In order to facilitate distribution of the Shares, we may make purchases
and sales of Shares (but are without obligation to do so) in the open market or
otherwise, for long or short account, at such prices, in such amounts and in
such manner as we may determine, and, in arranging for the sale of Shares to
Dealers, may over-allot for the accounts of the Underwriters, and may make
purchases for the purposes of covering such over-allotments. There can be no
assurance that the price of Shares will be stabilized or that stabilization, if
commenced, will not be discontinued at any time.
Your acceptance hereof shall constitute an obligation on your part to
purchase, upon the terms and conditions hereof, the Shares confirmed to you in
respect hereof and to observe all of the terms and conditions hereof. You agree
that in reoffering the Shares you will comply with all applicable requirements
of the Securities Act of 1933, as amended, the Exchange Act, and of all
applicable rules and regulations under the federal securities laws. If you fail
to pay for the Shares confirmed to you or fail to perform any of your other
obligations hereunder, we may, in our discretion and without demand, notice or
legal proceedings, and in addition to any and all remedies otherwise available
to us (a) terminate any right or interest on your part hereunder, and (b) at any
time and from time to time sell, without notice to you, any Shares then held for
your account at public or private sale at such price or prices and upon such
terms and conditions as we may deem fair, and apply the net proceeds so
realized, as determined by us, toward payment of any obligations in respect of
which you are in default, and, notwithstanding any action taken under (a) or (b)

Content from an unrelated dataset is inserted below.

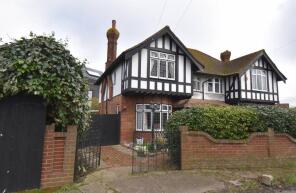 1, Thurston Park, Whitstable CT5 1RE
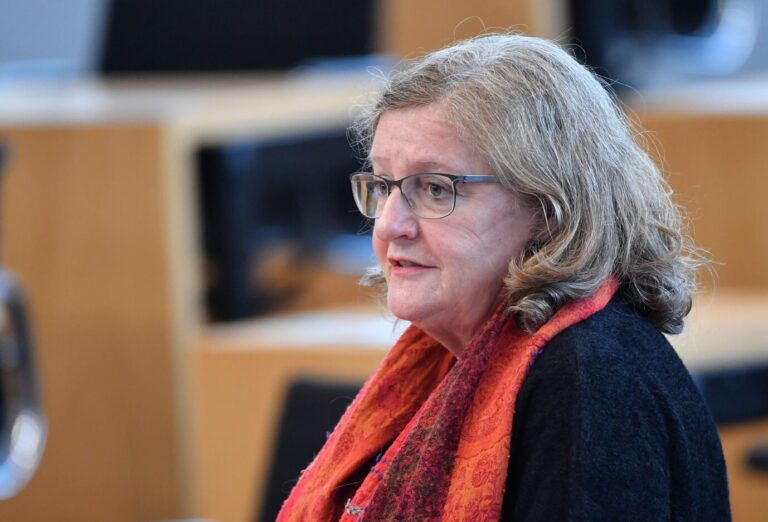 Dorothea Marx (SPD), Abgeordnete, spricht im Plenarsaal während der Sitzung des Thüringer Landtags. Nach den teils gewaltsamen Protesten von Gegnern der Corona-Politik werden die Demonstrationen zum Thema im Thüringer Landtag. Nun fordert sie ein verbot der AfD.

above, or both, you shall remain liable to the Underwriters for all loss and
expense resulting from your default. At any such sale or sales, any of the
Underwriters may purchase any portion of the Shares so sold, free from any right
or interest on your part in such Shares. A default by one or more Dealers shall
not release you from any obligation hereunder.
You agree that until termination of this Agreement you will advise us, from
time to time upon request, as to the number of Shares confirmed to you hereunder
which then remain unsold; and you further agree that, until termination of this
Agreement, you will upon our request sell to us for our account such number of
such unsold Shares as we may specify at the public offering price or, if
agreeable to you, at the public offering price less an amount not in excess of
the concession to Dealers.
We shall have full authority to take such action as we may deem advisable
in respect to all matters pertaining to the offering or arising hereunder. You
are not authorized (a) by the Company or us to give any information or to make
any representations in connection with the offering or sale of the Shares other
than those contained in the Prospectus or (b) to act as agent for the Company or
for any of the Underwriters when offering the Shares to the public or otherwise.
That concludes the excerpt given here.